Some songs seem well suited to getting you out of bed in the morning.  If I had to be up and at ’em, I figure you couldn’t do much better than, say, Me and Julio Down by the Schoolyard, that is, if getting out of bed in the morning didn’t make you feel as inconsolable as it does me.  In that case, good ol’ up and at ‘em! songs are just a very great pain in the large muscle groups. Me, I come at morning from the other side, and identify most with the sort of songs you play at 3 AM, when you’ve been up all night, the world is quiet, and everything you’re most afraid of sits there keeping you company, grinning, patient, biding its time. That’s when you really respond to a song like this one, one that evokes the sound of gentle night breezes rustling through oak leaves, and trains in the distance chugging across dark, empty landscapes. A song for for the alone who aren’t lonely.

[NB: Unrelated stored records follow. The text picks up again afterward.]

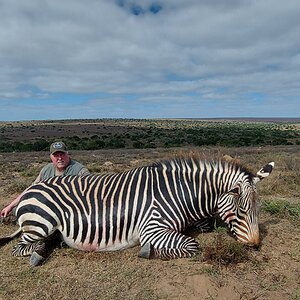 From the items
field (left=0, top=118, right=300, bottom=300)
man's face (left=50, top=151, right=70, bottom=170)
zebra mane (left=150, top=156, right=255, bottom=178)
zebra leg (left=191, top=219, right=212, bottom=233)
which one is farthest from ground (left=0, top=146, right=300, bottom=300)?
man's face (left=50, top=151, right=70, bottom=170)

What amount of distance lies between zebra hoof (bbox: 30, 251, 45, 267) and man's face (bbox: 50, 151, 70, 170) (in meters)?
1.82

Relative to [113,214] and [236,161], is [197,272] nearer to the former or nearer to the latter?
[113,214]

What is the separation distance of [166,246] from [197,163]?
1358 millimetres

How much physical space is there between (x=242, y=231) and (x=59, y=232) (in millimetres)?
2594

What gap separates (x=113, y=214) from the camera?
484 centimetres

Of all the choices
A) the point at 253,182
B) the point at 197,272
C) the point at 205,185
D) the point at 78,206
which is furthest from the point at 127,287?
the point at 253,182

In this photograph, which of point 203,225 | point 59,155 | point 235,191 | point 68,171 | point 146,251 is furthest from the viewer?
point 68,171

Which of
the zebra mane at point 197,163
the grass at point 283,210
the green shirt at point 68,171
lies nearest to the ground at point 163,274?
the zebra mane at point 197,163

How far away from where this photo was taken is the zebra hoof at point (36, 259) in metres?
4.58

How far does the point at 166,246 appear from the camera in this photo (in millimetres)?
4559

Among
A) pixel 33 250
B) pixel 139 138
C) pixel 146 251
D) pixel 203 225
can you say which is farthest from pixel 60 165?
pixel 139 138

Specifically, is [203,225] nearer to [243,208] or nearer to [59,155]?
[243,208]

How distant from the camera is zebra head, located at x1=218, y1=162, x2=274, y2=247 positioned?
4.55 metres

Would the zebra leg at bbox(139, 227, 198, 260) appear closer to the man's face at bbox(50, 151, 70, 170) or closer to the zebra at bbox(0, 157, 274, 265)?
the zebra at bbox(0, 157, 274, 265) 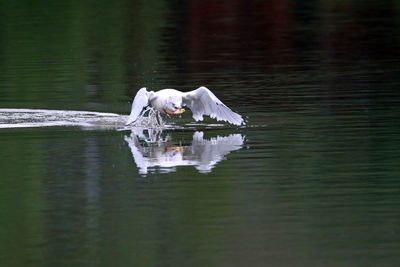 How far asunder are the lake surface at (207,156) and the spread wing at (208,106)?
8.8 inches

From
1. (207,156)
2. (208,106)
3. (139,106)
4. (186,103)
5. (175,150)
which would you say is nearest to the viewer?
(207,156)

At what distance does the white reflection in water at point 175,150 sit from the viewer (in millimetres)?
11406

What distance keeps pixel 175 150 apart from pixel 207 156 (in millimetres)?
606

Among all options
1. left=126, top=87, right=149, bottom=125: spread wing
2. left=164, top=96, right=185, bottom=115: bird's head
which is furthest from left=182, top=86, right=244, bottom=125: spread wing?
left=126, top=87, right=149, bottom=125: spread wing

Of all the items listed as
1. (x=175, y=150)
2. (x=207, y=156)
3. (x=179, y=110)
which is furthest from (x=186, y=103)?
Result: (x=207, y=156)

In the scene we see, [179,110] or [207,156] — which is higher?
[179,110]

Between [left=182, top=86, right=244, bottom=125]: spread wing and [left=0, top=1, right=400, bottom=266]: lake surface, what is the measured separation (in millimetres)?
225

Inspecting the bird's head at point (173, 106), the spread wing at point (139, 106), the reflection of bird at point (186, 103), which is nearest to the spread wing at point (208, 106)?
the reflection of bird at point (186, 103)

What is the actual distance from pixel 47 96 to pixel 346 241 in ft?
31.3

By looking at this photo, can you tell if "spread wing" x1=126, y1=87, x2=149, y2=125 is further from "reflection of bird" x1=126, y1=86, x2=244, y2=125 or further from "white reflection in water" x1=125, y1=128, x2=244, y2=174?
"white reflection in water" x1=125, y1=128, x2=244, y2=174

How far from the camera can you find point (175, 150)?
12.4 m

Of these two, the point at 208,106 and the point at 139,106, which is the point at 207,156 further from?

“Fink” here is actually Fin Greenall of Cornwall, England, who’s also a famous DJ, producer, and sometime songwriter who used to specialize in electronic music before dabbling in the acoustic folk-inspired singer-songwriter genre, and even getting into the Blues, as well as working with the likes of John Legend and Amy Winehouse. This is the Thing was released in 2007, and made him moderately famous, though if descriptions of the singer as “bubbly”, “enthusiastic” and prone to statements like “Wow, songs are great!” are accurate, it was somewhat out of character, making its composer sound like one of those people who, Sartre-like, views the simple existence of other people as at best a challenge and at worst a form of torture.

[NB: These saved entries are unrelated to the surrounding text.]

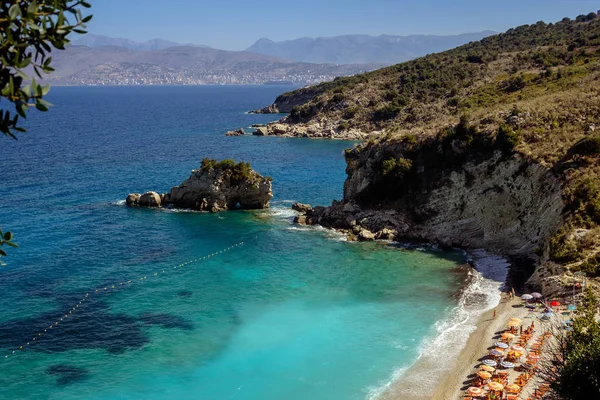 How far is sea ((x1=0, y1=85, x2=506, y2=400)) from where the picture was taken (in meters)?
28.1

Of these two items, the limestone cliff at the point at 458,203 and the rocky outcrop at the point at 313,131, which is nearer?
the limestone cliff at the point at 458,203

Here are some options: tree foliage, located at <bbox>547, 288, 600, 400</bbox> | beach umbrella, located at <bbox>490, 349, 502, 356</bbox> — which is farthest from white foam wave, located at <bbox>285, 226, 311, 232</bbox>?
tree foliage, located at <bbox>547, 288, 600, 400</bbox>

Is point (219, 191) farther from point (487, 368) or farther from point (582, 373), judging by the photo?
point (582, 373)

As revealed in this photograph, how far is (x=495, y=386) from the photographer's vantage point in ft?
85.9

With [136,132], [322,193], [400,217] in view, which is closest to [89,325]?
[400,217]

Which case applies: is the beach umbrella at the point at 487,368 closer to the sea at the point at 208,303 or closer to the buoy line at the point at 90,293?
the sea at the point at 208,303

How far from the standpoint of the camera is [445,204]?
50.4m

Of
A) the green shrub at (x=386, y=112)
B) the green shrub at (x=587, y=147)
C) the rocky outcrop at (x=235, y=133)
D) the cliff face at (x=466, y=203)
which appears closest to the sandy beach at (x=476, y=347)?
the cliff face at (x=466, y=203)

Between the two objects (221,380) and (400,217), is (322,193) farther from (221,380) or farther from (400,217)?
(221,380)

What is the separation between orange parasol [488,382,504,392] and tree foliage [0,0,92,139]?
82.2ft

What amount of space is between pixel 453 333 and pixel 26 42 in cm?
3036

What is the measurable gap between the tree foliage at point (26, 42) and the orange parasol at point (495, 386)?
82.2 ft

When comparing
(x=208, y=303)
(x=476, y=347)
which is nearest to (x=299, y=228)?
(x=208, y=303)

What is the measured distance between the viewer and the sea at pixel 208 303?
28.1m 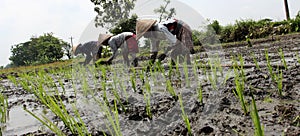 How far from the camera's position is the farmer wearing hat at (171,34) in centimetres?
355

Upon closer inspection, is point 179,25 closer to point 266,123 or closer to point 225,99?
point 225,99

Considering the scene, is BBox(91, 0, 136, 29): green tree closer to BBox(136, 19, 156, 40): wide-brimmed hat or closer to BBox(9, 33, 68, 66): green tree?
BBox(136, 19, 156, 40): wide-brimmed hat

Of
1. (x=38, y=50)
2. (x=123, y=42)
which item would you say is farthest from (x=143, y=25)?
(x=38, y=50)

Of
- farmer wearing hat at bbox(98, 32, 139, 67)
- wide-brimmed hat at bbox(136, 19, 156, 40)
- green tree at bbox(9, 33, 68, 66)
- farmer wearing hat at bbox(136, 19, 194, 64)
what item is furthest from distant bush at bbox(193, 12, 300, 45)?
green tree at bbox(9, 33, 68, 66)

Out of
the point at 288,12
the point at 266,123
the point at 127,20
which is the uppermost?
the point at 288,12

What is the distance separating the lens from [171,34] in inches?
147

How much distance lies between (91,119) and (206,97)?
91 centimetres

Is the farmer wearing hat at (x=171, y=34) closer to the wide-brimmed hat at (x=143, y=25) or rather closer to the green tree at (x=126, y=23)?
the wide-brimmed hat at (x=143, y=25)

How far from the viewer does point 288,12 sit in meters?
13.8

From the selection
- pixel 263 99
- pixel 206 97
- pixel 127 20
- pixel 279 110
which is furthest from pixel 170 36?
pixel 279 110

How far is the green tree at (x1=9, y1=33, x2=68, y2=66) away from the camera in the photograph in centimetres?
3753

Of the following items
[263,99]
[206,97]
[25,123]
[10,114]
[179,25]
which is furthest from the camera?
[179,25]

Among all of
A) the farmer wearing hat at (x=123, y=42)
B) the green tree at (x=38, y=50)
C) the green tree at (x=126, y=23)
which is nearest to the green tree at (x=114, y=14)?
the green tree at (x=126, y=23)

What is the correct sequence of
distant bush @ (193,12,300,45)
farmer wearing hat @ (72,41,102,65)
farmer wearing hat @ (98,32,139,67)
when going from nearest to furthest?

My kind of guy, in other words. What he did here really resonates.

Call me anti-social, or think of me more generously as simply introverted (I come out INFJ on Myers-Briggs, so there you go), but from where I sit solitary confinement may well be the purest torture you can visit upon most folks, that’s what they tell me, but voluntary separation from the rest of the world is pure salvation, the only way to repair your losses and steel yourself for another foray into the noisy clanging of the daytime, and the incessant clack-clack-clacking of human tongues. Likely, nobody’s even going to notice you’ve been gone for a while, it’s not like you loom large on anybody’s landscape. This is the thing:

And the things that keep us apart
Keep me alive
And the things that keep me alive
Keep me alone

Hey, I don’t always feel this way.  I’m moody and complicated, OK?